_Exercise directions_.
Task for the records below: please copy exactly, and only, the lines from the one containing "Back Garden" to the last line, both included, leaving out the pictures.

• • • • • • •

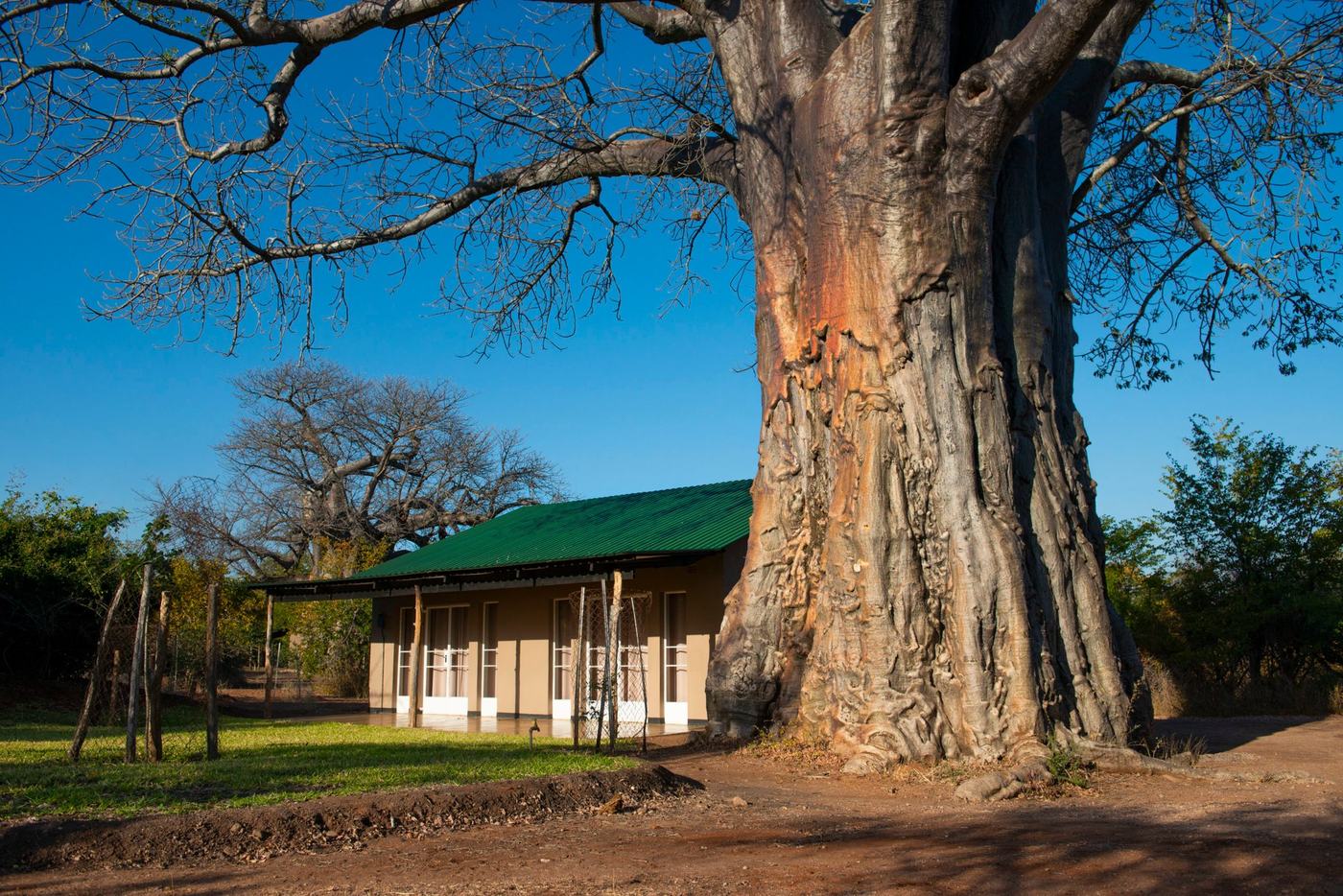 Nog een eeuwenoude baobab torent uit boven een eenheid met groen dak bij Swimuwini Rest Camp.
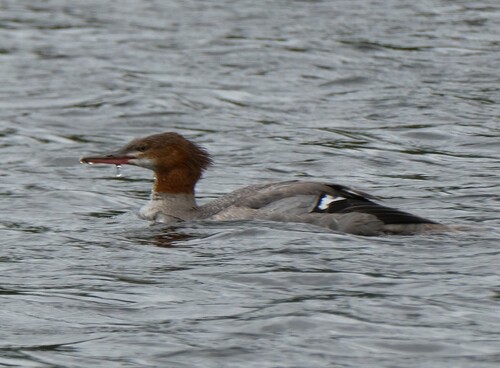 Common Merganser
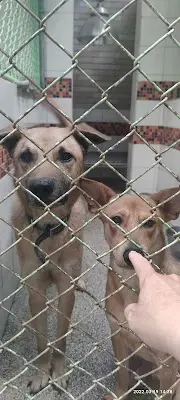 高雄市動物保護教育園區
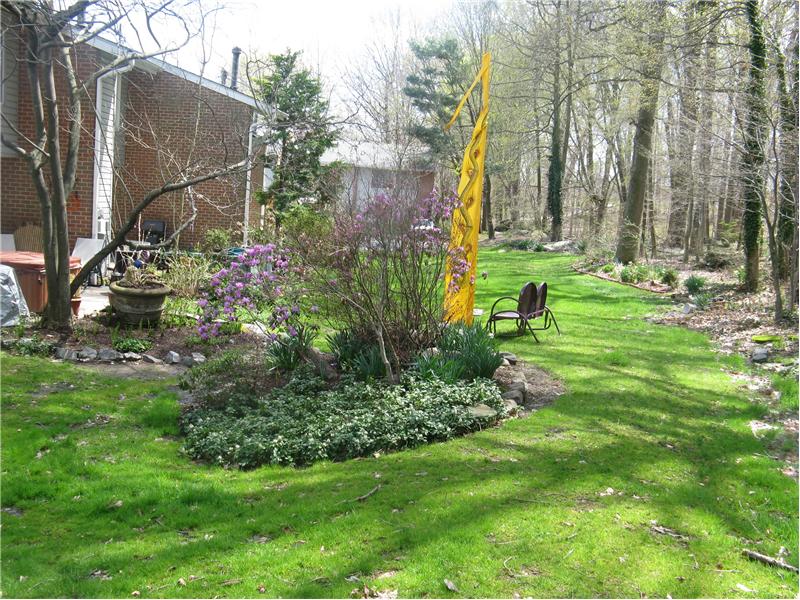 Back Garden
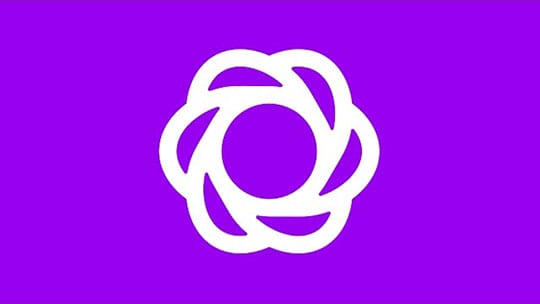 bloom-elegant-themes-wordpress-plugin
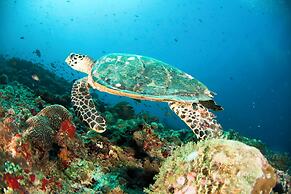 Machchafushi Island Resort & Spa Maldives, The Centara Collection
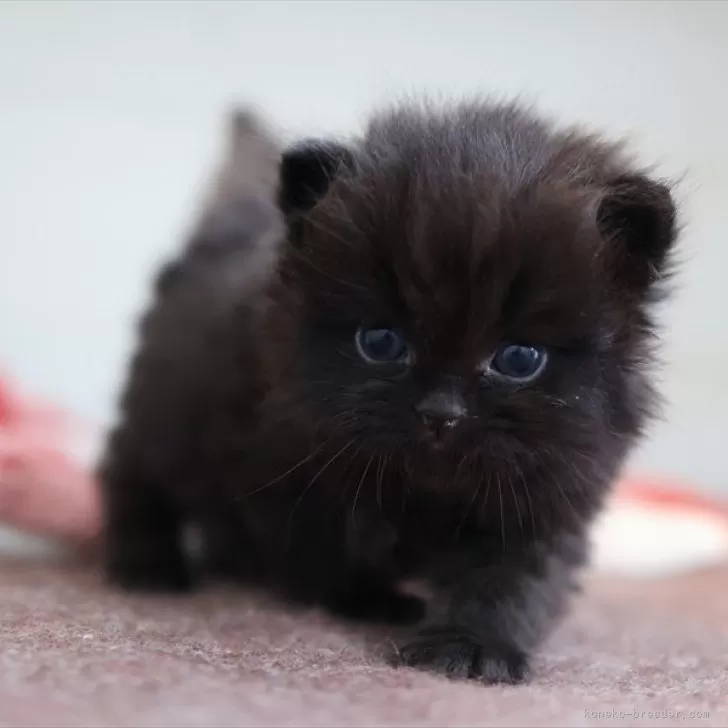 ID：2502-01639の子猫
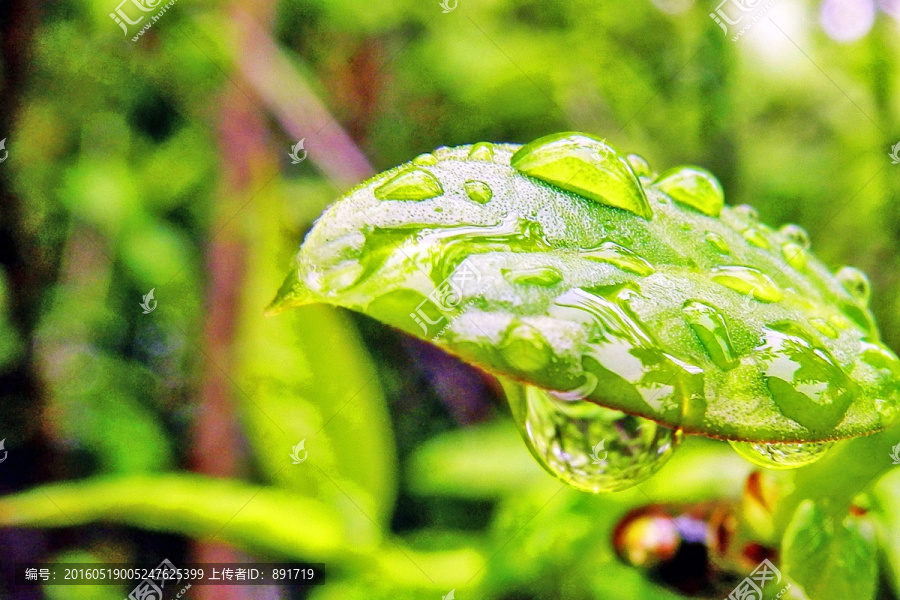 带雨水的绿叶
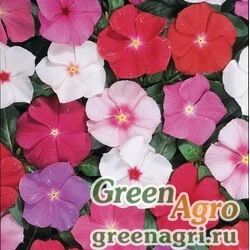 Семена Катарантус розовый (Vinca rosea) "Heatwave" (midnight mix) raw 1000 шт.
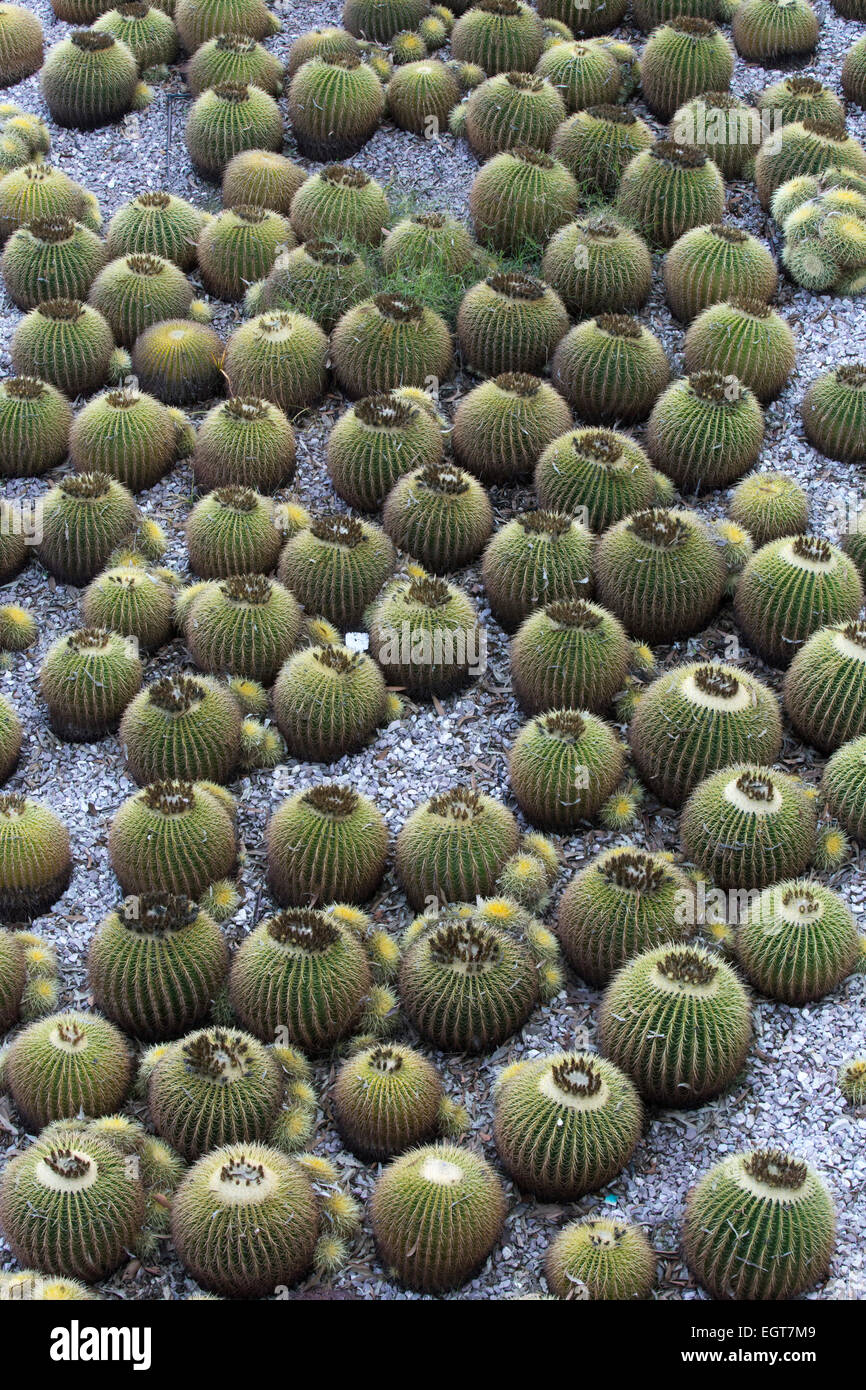 Giardino di cactus al Getty Center dall'architetto Richard Meier e artista Robert Irwin, Los Angeles California, Stati Uniti d'America 2012 Foto Stock
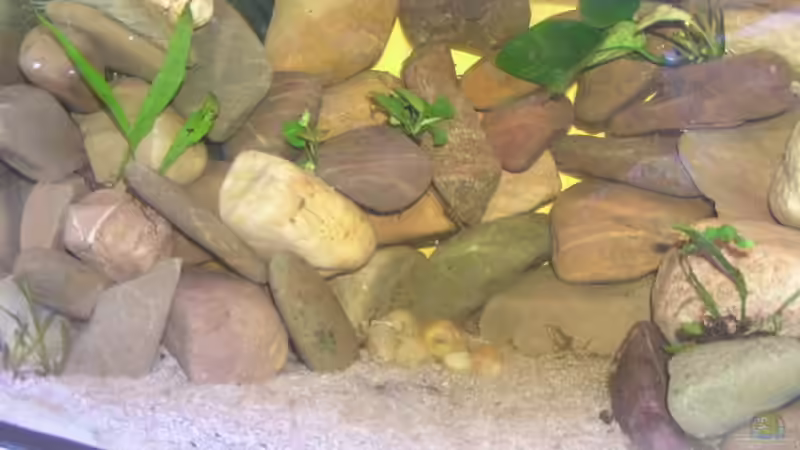 Aquarium Hauptansicht von Becken 2341 Aquarium Hauptansicht von Becken 2341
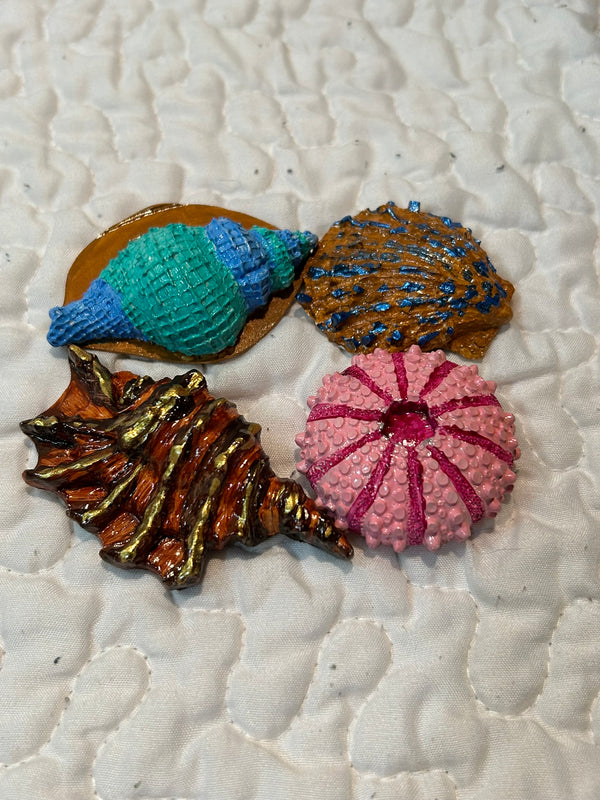 small shells  set of 4
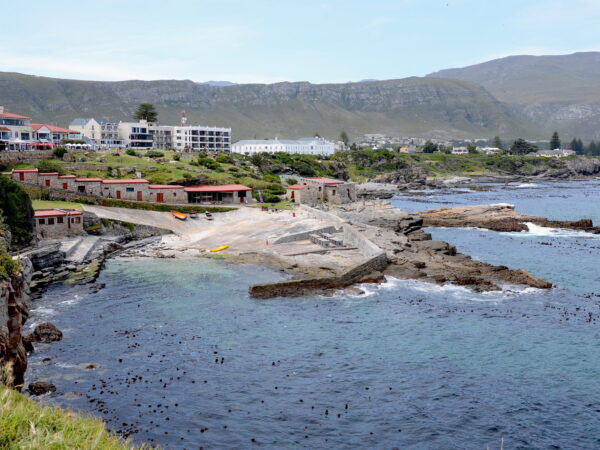 Transfert privé : Aéroport international du Cap → Hermanus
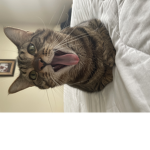 Kittyfans123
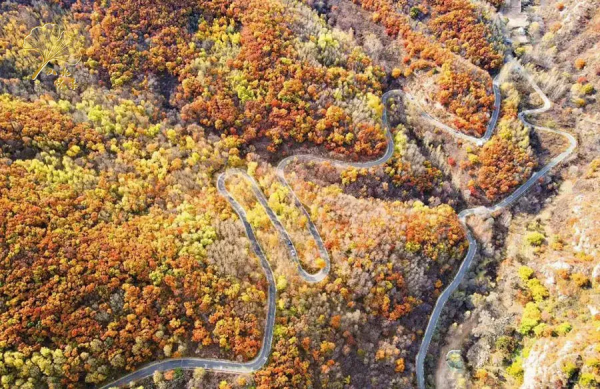 【玩轉懷柔】2021懷柔賞秋攻略出爐！一個字，絕！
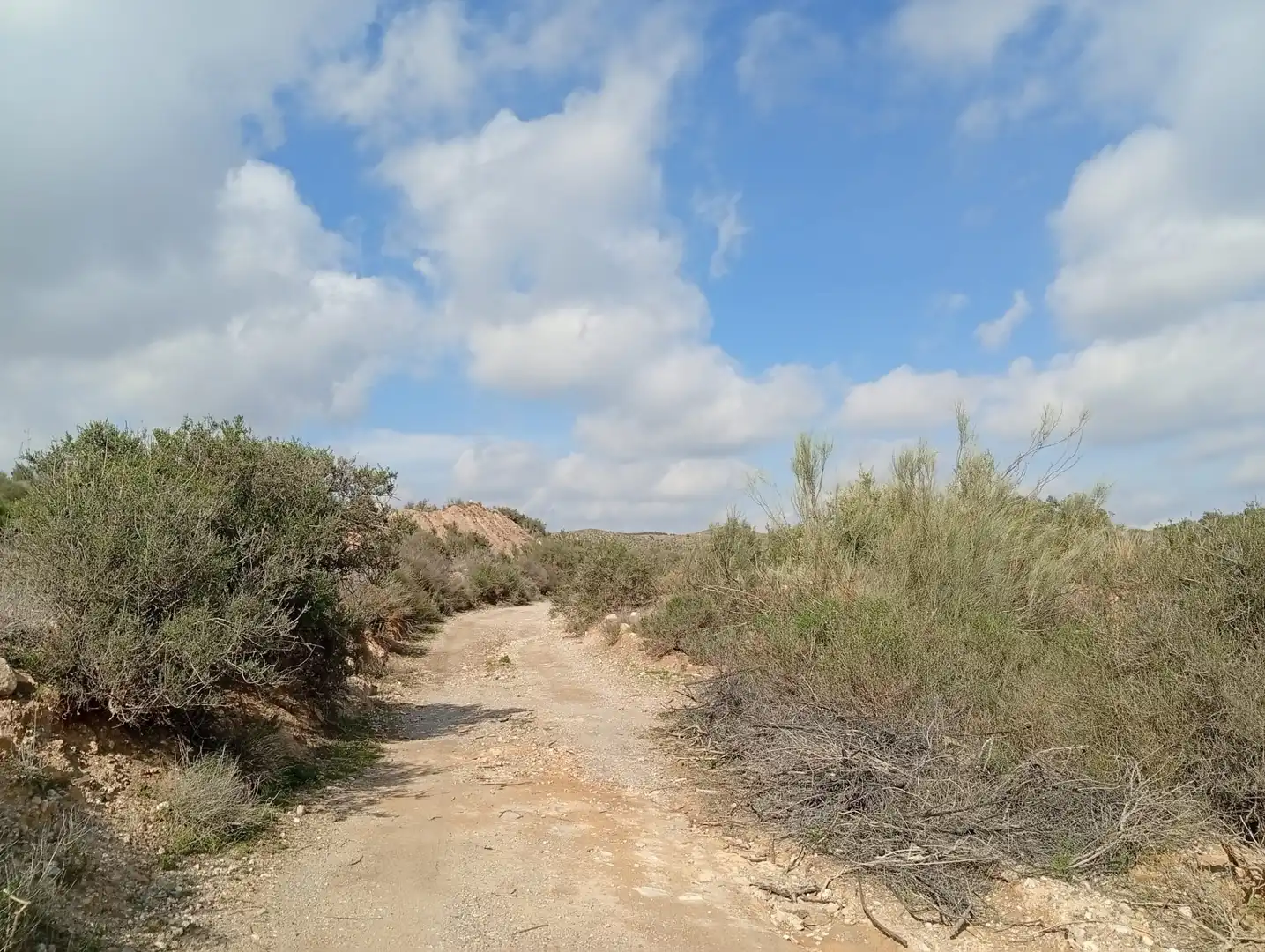 Terreny en venda a Rambla La Higuera, Albox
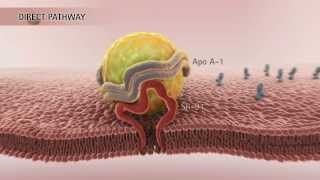 HDL amp Reverse Cholesterol Transport HD [upl. by Pacifica]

• • • • • • •

_Answer for this exercise_.
 Back Garden
 bloom-elegant-themes-wordpress-plugin
 Machchafushi Island Resort & Spa Maldives, The Centara Collection
 ID：2502-01639の子猫
 带雨水的绿叶
 Семена Катарантус розовый (Vinca rosea) "Heatwave" (midnight mix) raw 1000 шт.
 Giardino di cactus al Getty Center dall'architetto Richard Meier e artista Robert Irwin, Los Angeles California, Stati Uniti d'America 2012 Foto Stock
 Aquarium Hauptansicht von Becken 2341 Aquarium Hauptansicht von Becken 2341
 small shells  set of 4
 Transfert privé : Aéroport international du Cap → Hermanus
 Kittyfans123
 【玩轉懷柔】2021懷柔賞秋攻略出爐！一個字，絕！
 Terreny en venda a Rambla La Higuera, Albox
 HDL amp Reverse Cholesterol Transport HD [upl. by Pacifica]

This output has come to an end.